When the CJEU handed down its decision in Google and Google France vs. Louis Vuitton on March 23, 2010, brand owners were both disappointed and optimistic. Although the Court had held that because Google was not using third parties’ trademarks in its own commercial communications when it was offering them for selection as AdWords (meaning that there was no registered trademark infringement), the Court was reasonably explicit in suggesting that Google could be infringing other areas of law (such as passing off or unfair competition) and gave the impression that the exemptions from liability found in Section 4 of the E-Commerce Directive might not benefit Google.
When you read Articles 12-14 of Section 4, you notice that the “hosting” exemption of article 14 does not mention any need for the acts in question to be either technical, automatic or passive, in contrast to Articles 12 and 13 which both state, explicitly, that only “automatic” activities are exempted. However, Recital 42 to the Directive provides:
(42) The exemptions from liability established in this Directive cover only cases where the activity of the information society service provider is limited to the technical process of operating and giving access to a communication network over which information made available by third parties is transmitted or temporarily stored, for the sole purpose of making the transmission more efficient; this activity is of a mere technical, automatic and passive nature, which implies that the information society service provider has neither knowledge of nor control over the information which is transmitted or stored.
Although intended to aid interpretation, if anything Recital 42 makes interpretation of Articles 12-14 more difficult. Its first eight words indicate that it informs interpretation of all three articles, but:
- The exempted acts are limited to “only” those which constitute “the technical process of operating and giving access to a communication network”. This certainly includes article 12 (conduit exemption), and is relevant for article 13 (caching), but what sort of “hosting” (article 14) is part of operating or giving access to a communications network?
- The type of network in relation to which acts may be exempted is one over which “information made available by third parties is transmitted or temporarily stored”. This doesn’t add much, except to say that the service provider must be acting as an intermediary.
- The acts (limited to operating or providing access to the network) are further limited to those whose “sole” purpose is to make “transmission” more “efficient”. This sounds like caching alone, since a conduit exists to make transmission possible, not more efficient.
- The exempted acts (i.e. those technical processes of operating and providing access to a network populated by third party material for the sole purpose of making transmission more efficient) must, as they also certainly will be if they meet the foregoing criteria, be of a “mere technical, automatic and passive” nature.

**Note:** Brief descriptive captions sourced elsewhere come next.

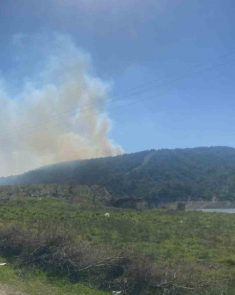 Çanakkale’de orman yangını
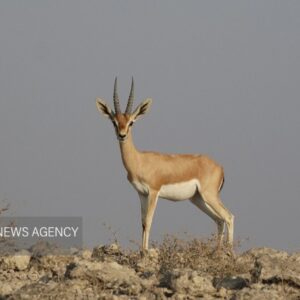 اینجا شاهرود است؛ همزیستی مسالمت‌آمیز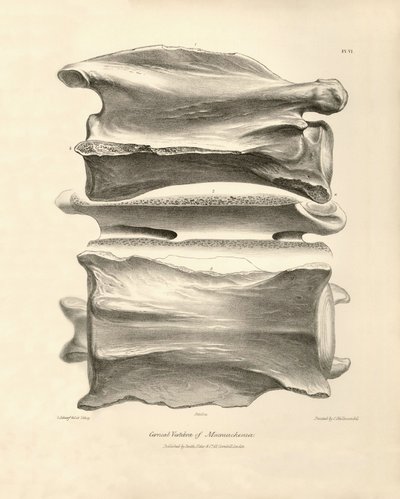 Vertèbre cervicale de Macrauchenia, un animal préhistorique trouvé par Charles Darwin lors de son voyage d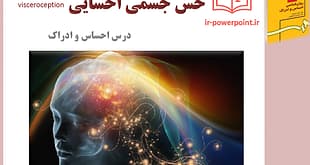 حس جسمی احشایی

Since “hosting” is not a technical aspect of network access or operation, and has nothing to do with the “more efficient” transfer of the material being hosted (it’s completely circular), Recital 42 seems to rule out the application of Section 4 to any exemptions in relation to “hosting”. Yet article 14 exists, and even exists without its application being expressly limited to “automatic” acts in contrast to article 12 and 13. Can Recital 42and Article 14 be reconciled?
The CJEU in Google and Google France doesn’t say how it reconciles these provisions, but simply says that Recital 42 requires acts of a neutral intermediary service provider to be of a mere technical, automatic and passive nature in order to qualify for exemption under Section 4, including Article 14. And that’s binding on all 27 Member States.
This may well have surprised Google. Like the E-Commerce Directive, 17 U.S.C. §512(a) and §512(b) (conduit and caching exemptions) both have an explicit requirement of an “automatic technical” process, whereas §512(c) (hosting) does not, and no court has prevented ISPs from relying on that exemption on the basis that there is an implicit requirement that the hosting act in question be of an automatic, technical and passive nature. The difference in the CJEU’s interpretation of these otherwise similar provisions demonstrates a philosophical difference that could have repercussion (in the form of the need for larger budgets) for international business.
Does this mean that Google cannot rely on article 14 if it is found to infringe a third party’s rights by its hosting of ads (whose very appearance Google controls (exclusively) and whose contents are created with Google offering assistance)? The CJEU says that is a question for Paris, and we await the French court’s judgment with interest.